The Revd Kate Plant writes:

I was inspired by Jim’s article in the last issue to think about local economies and the role we all play in them. Added to that I had a happy few hours at a Smalley coffee morning and at Morley at the Annual St Matthew’s garden party. They were both fund raising events that do so much more than just raise funds. As a consequence I have been thinking about the power we have as ‘consumers’ to shape, not just economies but the world around us.

I know very little about economics – but I think there is a long standing dispute about whether ‘Free Markets’ sort themselves out effectively to the good of all in the end – by a process termed ‘the invisible hand’ – or whether Governments need to intervene to a little or greater extent to ensure that the whole of society benefits.

Either way, that feels disempowering to individuals and communities. Isn’t it possible that the actual consumer, (that’s all of us who have choices about how we spend) can be as responsible as governments are – perhaps more so. We all know that to love our neighbour as ourselves is a good idea. We know we can impact on our neighbour by acts of kindness and service. But it occurs to me its also about on what and where we spend our money. We can decide to buy presents that build the community, we can decide to support local businesses that are accountable to us because we know them and we want our local area to thrive, we can decide to source our electricity from renewable resources, or ensure that neighbours further away, who make our tea, are paid a fair wage. The examples are endless and each of us will have our own particular cause we back through the way we spend our money and we can encourage others to do so also.

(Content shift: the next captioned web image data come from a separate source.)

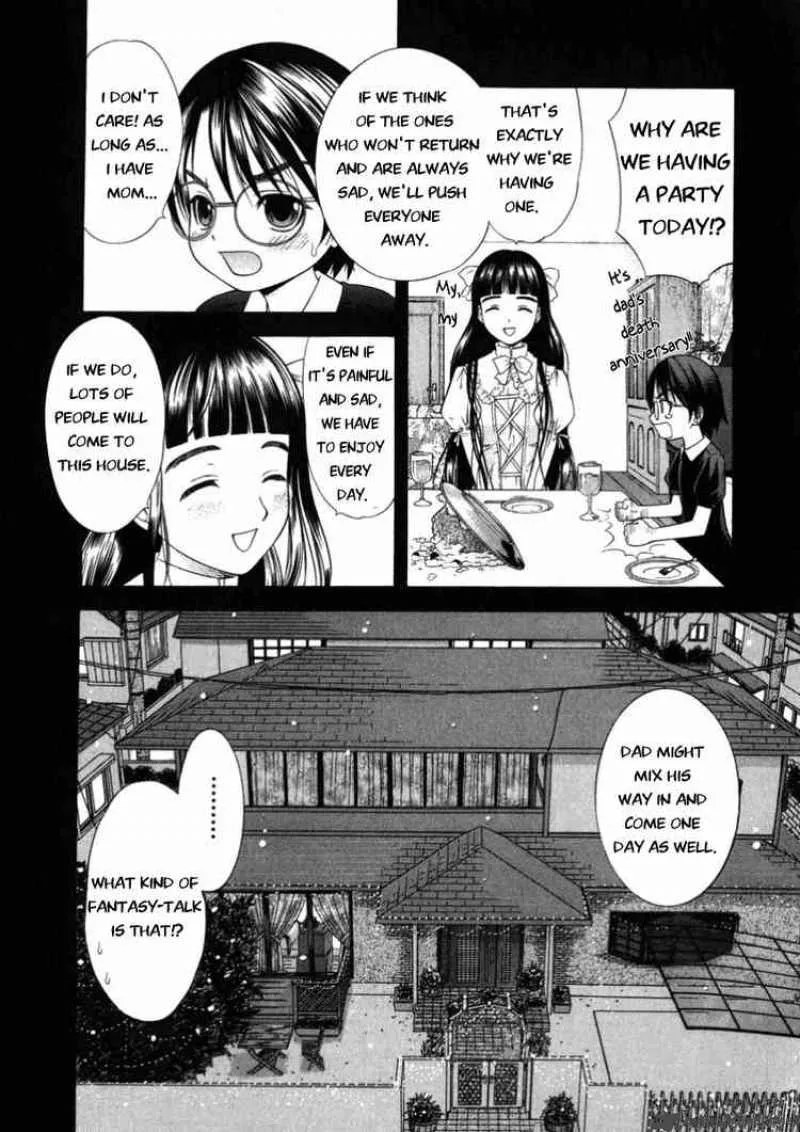 Happy World Chapter 49 page 26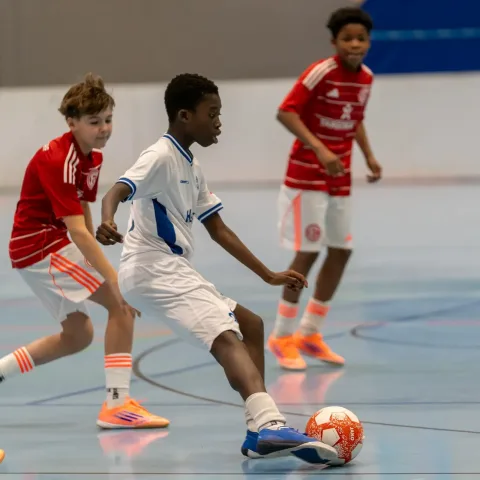 7. U13 Dreßen & Schwerdtfeger Indoor Cup 2025 42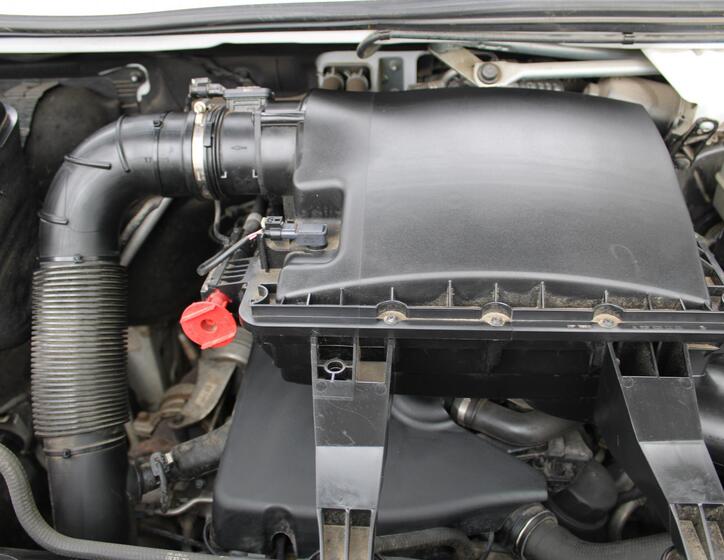 Mercedes-Benz Sprinter 15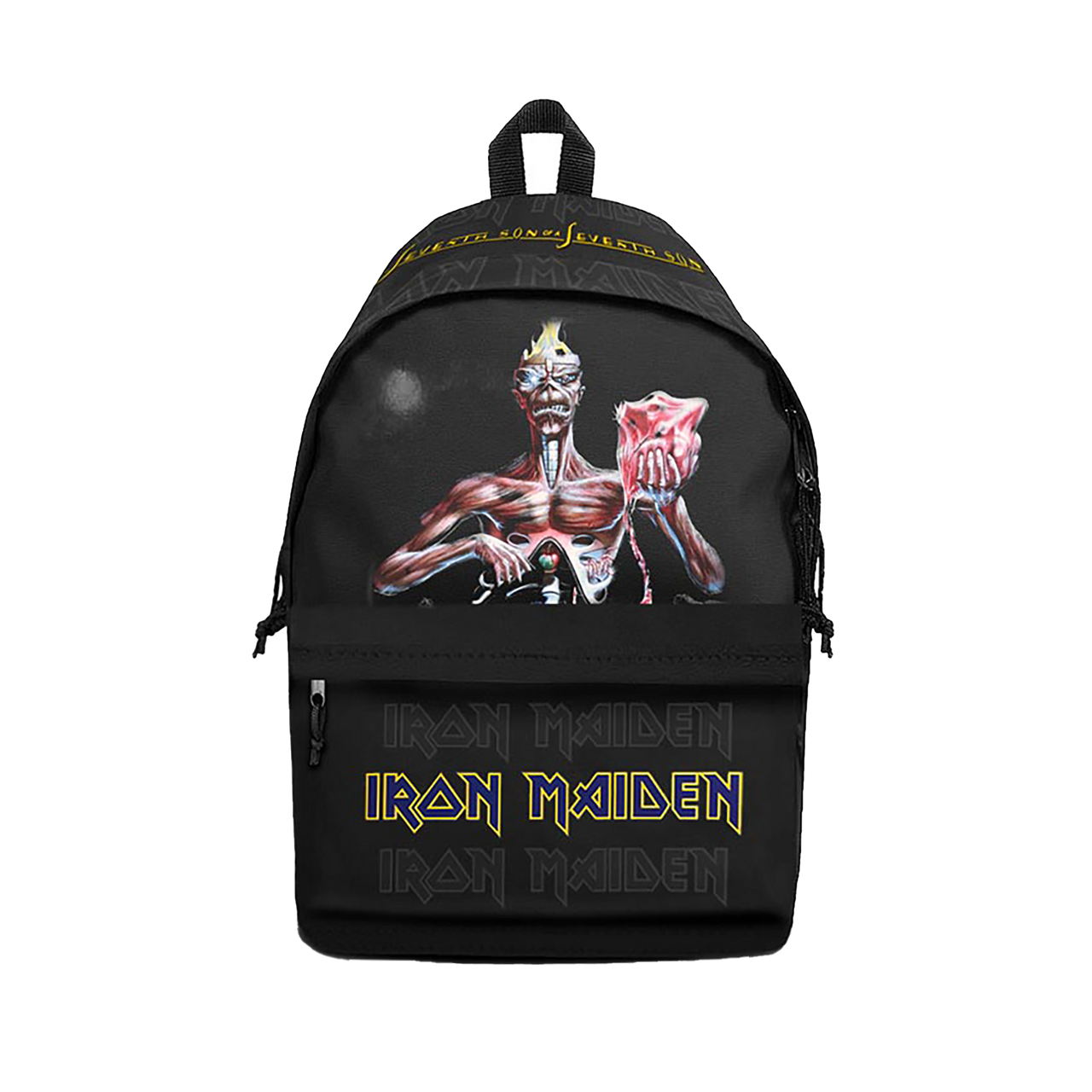 Rocksax Iron Maiden Daypack - Seventh Son
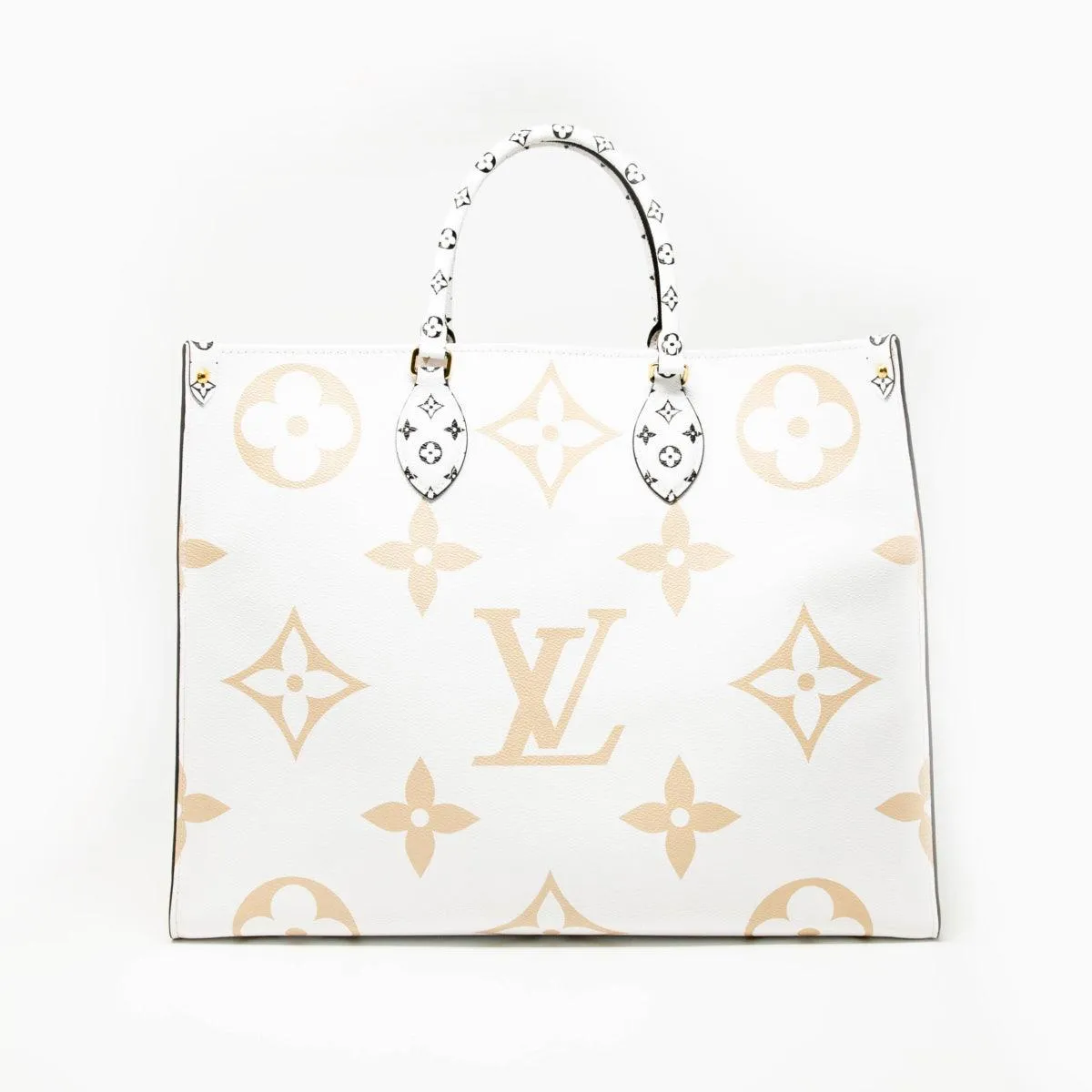 Louis Vuitton Monogram OnTheGo GM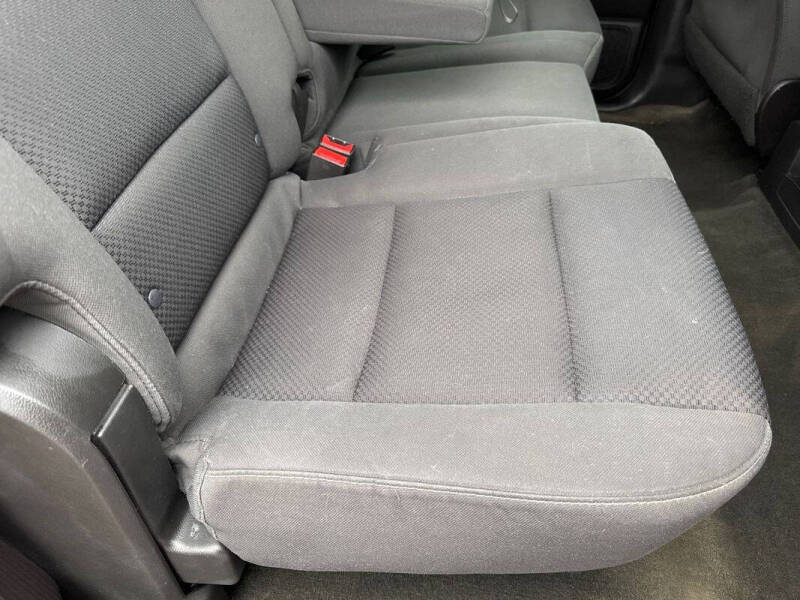 2016 Chevrolet Silverado 1500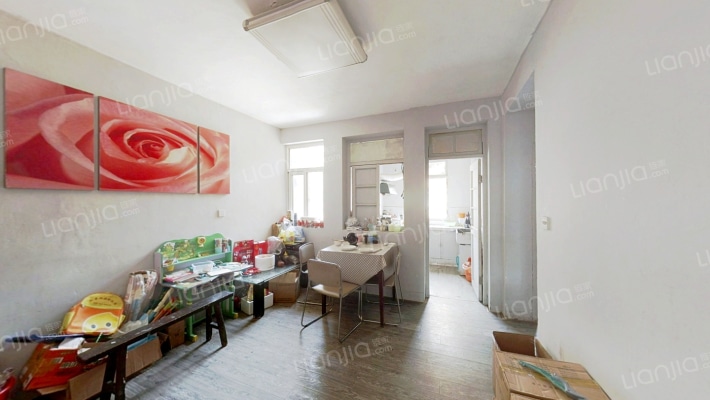 西苑小区二手房实景图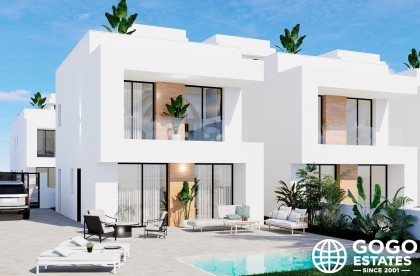 Casas Independientes en Orihuela Cerca del Mar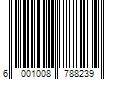 Barcode Image for UPC code 6001008788239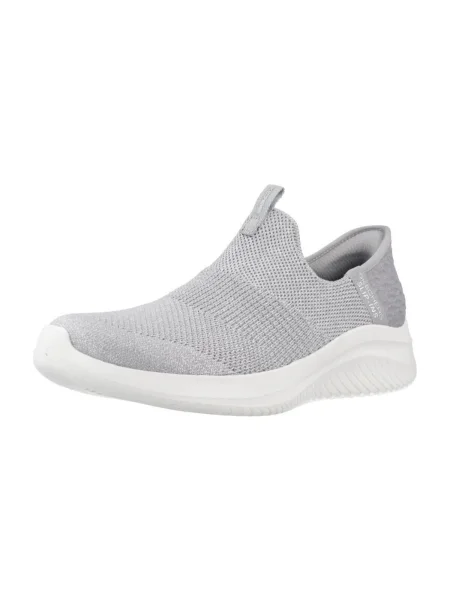 Pantofi Skechers gri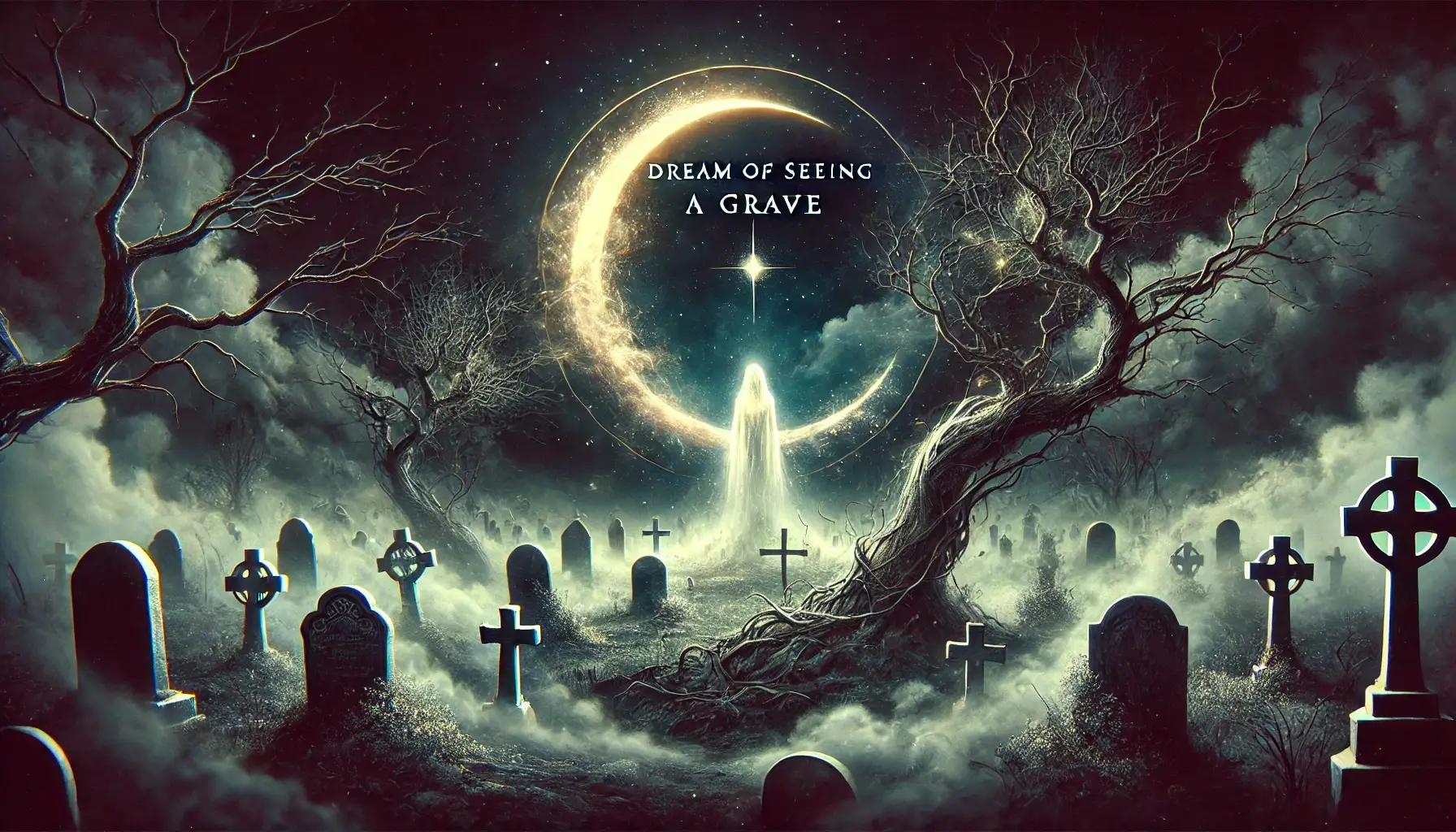 무덤 보는 꿈 해몽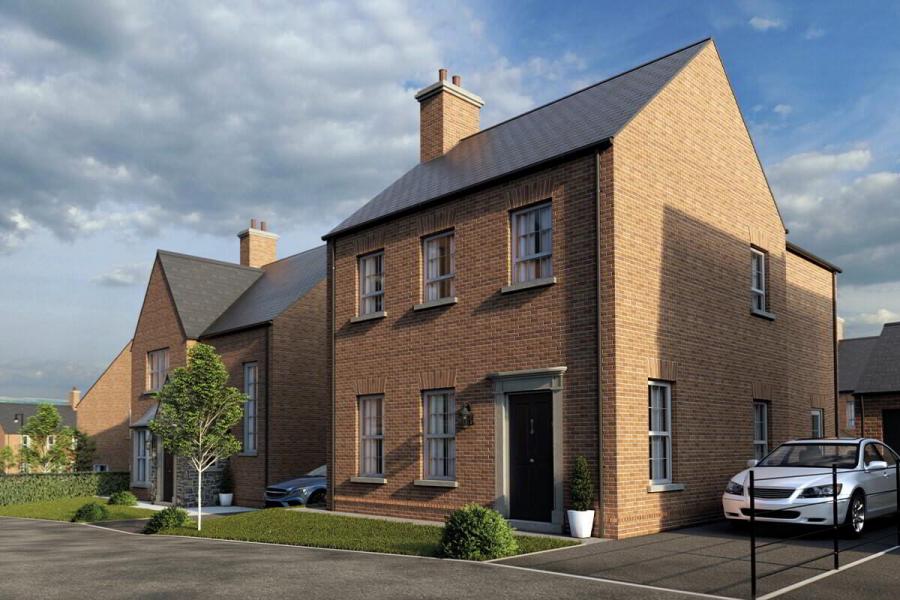 46, Blackthorn Manor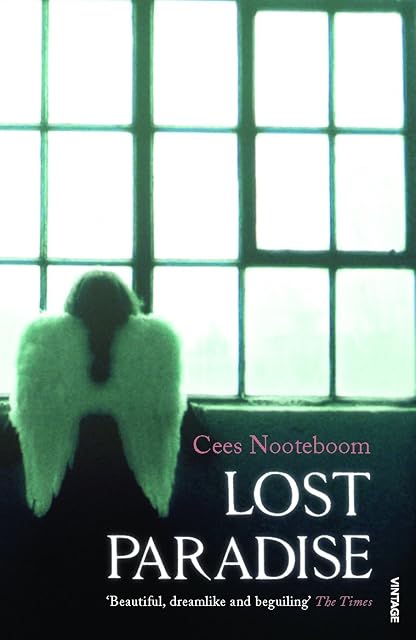 Portada de Lost Paradise
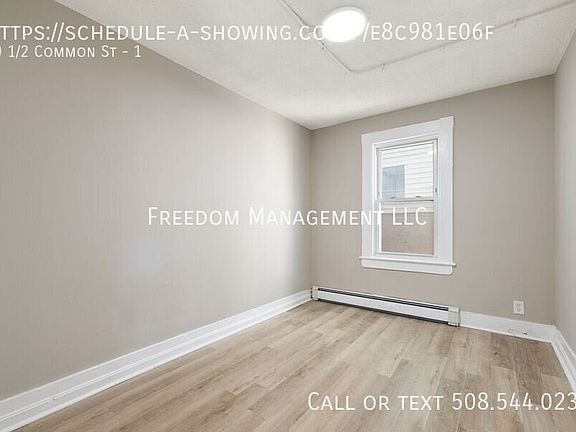 3rd image of 50 1/2 Common St APT 1
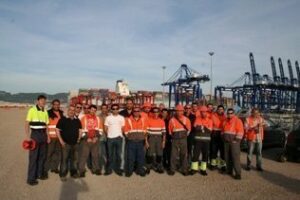 ANESCO convoca el Primer concurso literario de relatos cortos: estiba portuaria"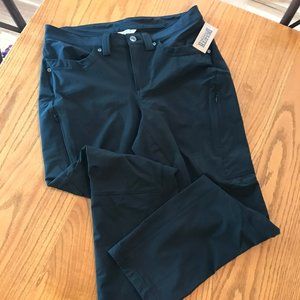 Duluth Women's Flexpedition Slim Leg Pants Size 10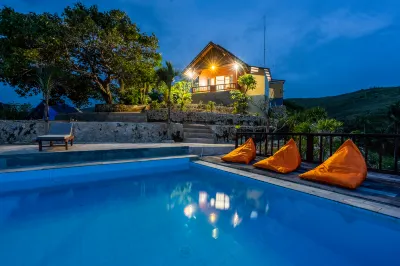 بيني سينتانا فيليدج Hotels near دايموند بيتش نوسا بينيدا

Since I have been here people have been really helpful in telling me where to get the dog groomed, where to buy stuff with less packaging, how to catch the bus to so and so. I think the communities I have arrived in are good at this; I hope to learn from you all. Governments would not have to intervene so much if we (the consumer) spent responsibly and if there is going to be an invisible hand at play, wouldn’t it be brilliant if it were informed by consumers who want strong communities, a healed planet, and who mind about neighbours near and far?